My Policeman – A Film Review

It was one of those sleepless nights. Waking at three, I was kept awake for the remaining hours, first by persistent worries, then by thoughts provoked by the film we watched yesterday evening. I’ll leave aside the worries. The thoughts were about the persistence of love, a theme of the truly beautiful, infinitely sad British movie, “My Policeman,” set in Sussex, in particular in the seaside city of Brighton, first in the late 1950s—a short time after my own Sussex years—and again a few decades later. (Brighton was my occasional, sometimes illicit escape by bicycle from my nearby boarding school in my teenage years, for a movie or a haircut, or simply for a stroll along the pebbly beach or a walk to the end of the pier. And not least for a smoke. The film was a nostalgic trip for me, then, quite aside from its story).
It’s a love story. (Spoilers ahead! Skip this paragraph!) Two men, one woman, in a tangled affair from which they are unable to extricate themselves. One of the men is the policeman of the title, at first reluctantly (this is the 1950s) attracted to but soon in a hot and heavy illicit—and illegal—sexual relationship with the other male character, a museum curator. (The sex scenes are nicely done). The young woman is a school teacher, innocently in love with “her” policeman; he marries her in part, for sure, because he loves her, too—but also in good part as a cover for his clandestine life. Even after she discovers his awful secret, (and betrays it: the lover is sent to prison, “his” policeman loses his job and his career) the social mores of the day require of each perseverance in the marriage. Until decades later, when the occurrence of a debilitating stroke (the curator guy) brings them back under the same roof, where they painfully relive the past and must come to terms with the present and the future.

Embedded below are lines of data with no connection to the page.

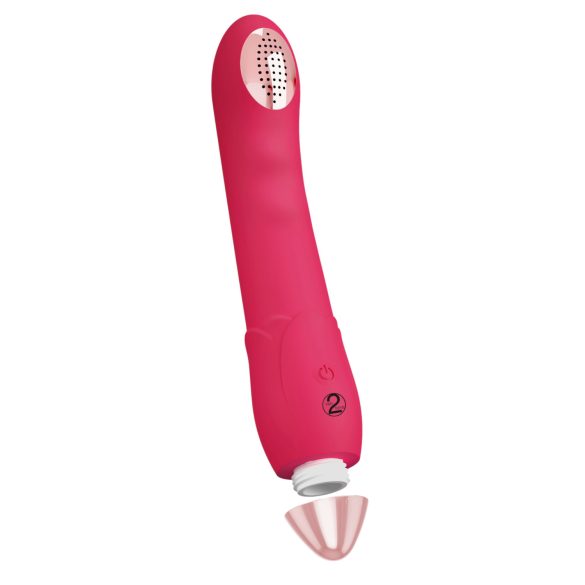 You2Toys - douchette vibrante - étanche - silicone rose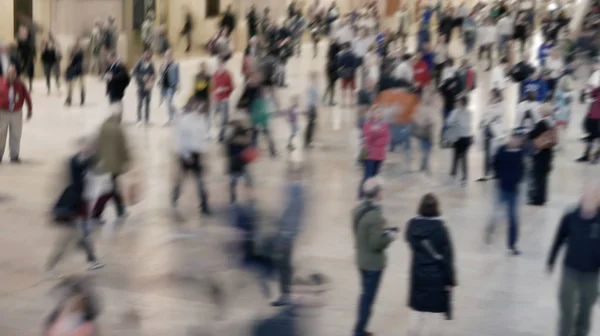 kalabalık insanlar hareket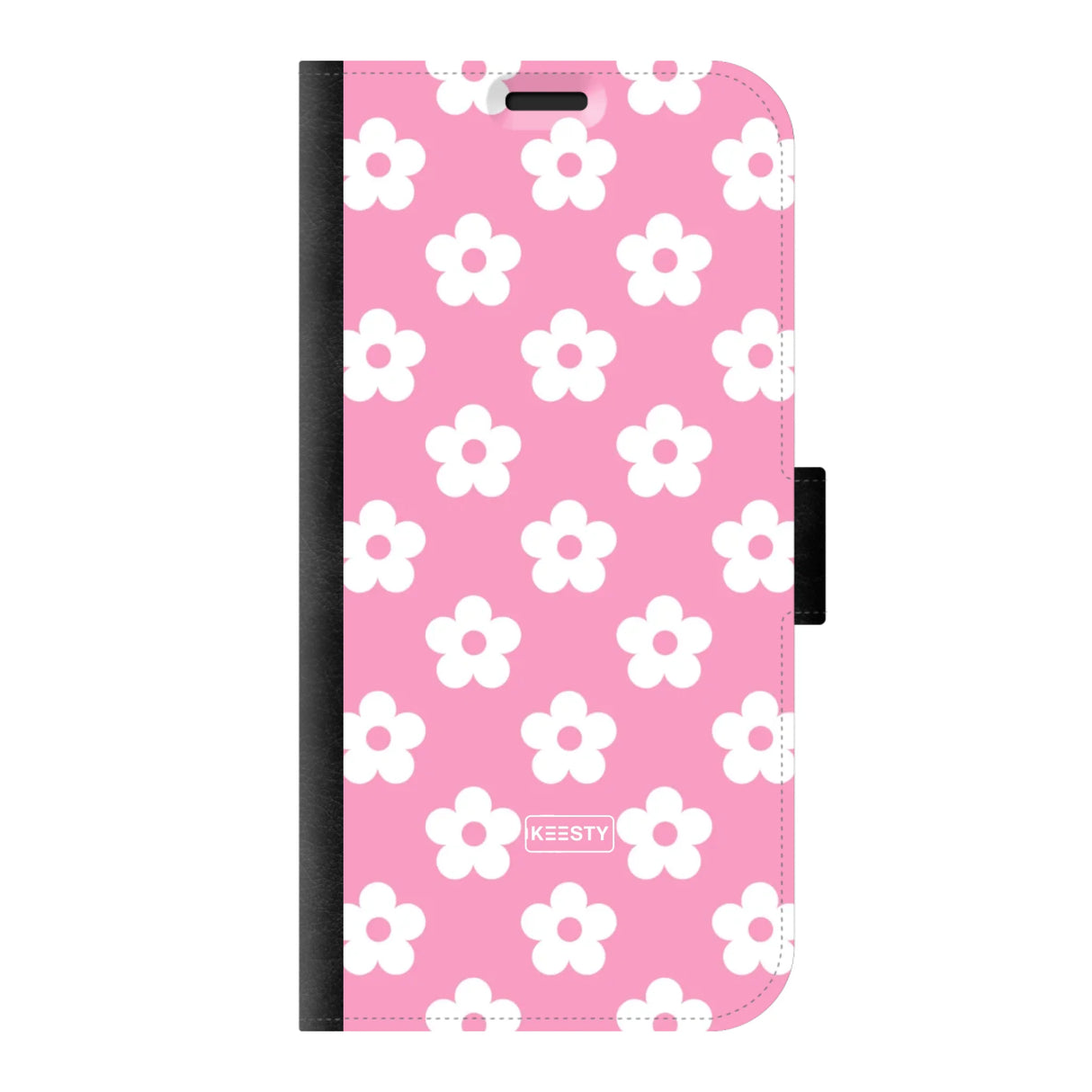Floral °1 - Fabriquer une coque de téléphone - Portefeuille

Which had me thinking about the persistence of love, and how—in my experience at least—you do not stop loving someone you have loved, no matter the anger or the pain, no matter the spatial or geographical space that have come between you. Love is not something that you lose. It puzzles me, actually, that you “fall in love,” as though it were some lower state of being into which you unwillingly or accidentally descend—when it actually elevates. It puzzles me, too, that you “lose your heart,” when in love you actually discover it. Odd twists of language.

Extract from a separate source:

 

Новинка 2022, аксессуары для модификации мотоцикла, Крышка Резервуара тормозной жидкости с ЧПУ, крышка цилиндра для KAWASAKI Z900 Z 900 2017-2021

Still, love persists. There is the illusion of falling out of love, at the end of a relationship, say, when you discover you can no longer live happily together, but experience has led me to conclude that love itself persists. I know that I have a place in my heart for everyone I have ever loved, even those I loved long, long ago, the French girl, say, Nicole, who was the first girl I fell in love with when I was thirteen years old. I knew her for no more than a couple of weeks, barely touched her hand, and have never seen nor heard of her since. She never knew. But there she is, she still occupies that little corner in my heart. And clearly there are far more important, far longer-lasting loves that I have not forgotten, nor ever will. The pain is a part of it, as much as the joy.
It’s not necessarily about sex—though sex plays an important part in “My Policeman” as it does in many, if not most love relationships. It took me too many years perhaps to discover that I could love another human being, man or woman, without the remotest desire to have sex with them. I have also discovered that it’s perfectly possible to love another human being without liking them very much; and, by the same token, that it’s equally possible to have perfectly enjoyable sex with another human being without loving them in the least (although I’m grateful to be able to say that this has been a very rare occasion in my life).
It is a good thing, I think, that love of all kinds is becoming more acceptable in today’s world, at least in the social environment in which I am privileged to live. “My Policeman” reminds me that gay sex was illegal in my native country until the late 1960s. Here, in America, it’s hard to believe that it was still officially punishable by law until this current century. These days, it warms my heart to hear the free exchange of expressions of love between all kinds of people, men and women, including those who until recently would confess to nothing more than being good friends. “I love you” is a common thing to hear, a common thing to say—but hopefully not so common as to have lost its meaning.
And all this, of course, is not to mention the “love that passeth all understanding,” (it’s actually peace, okay, my mistake, same difference…), the love that is “all there is,” the love that is “all you need,” the love that will “save the world” if we only let it.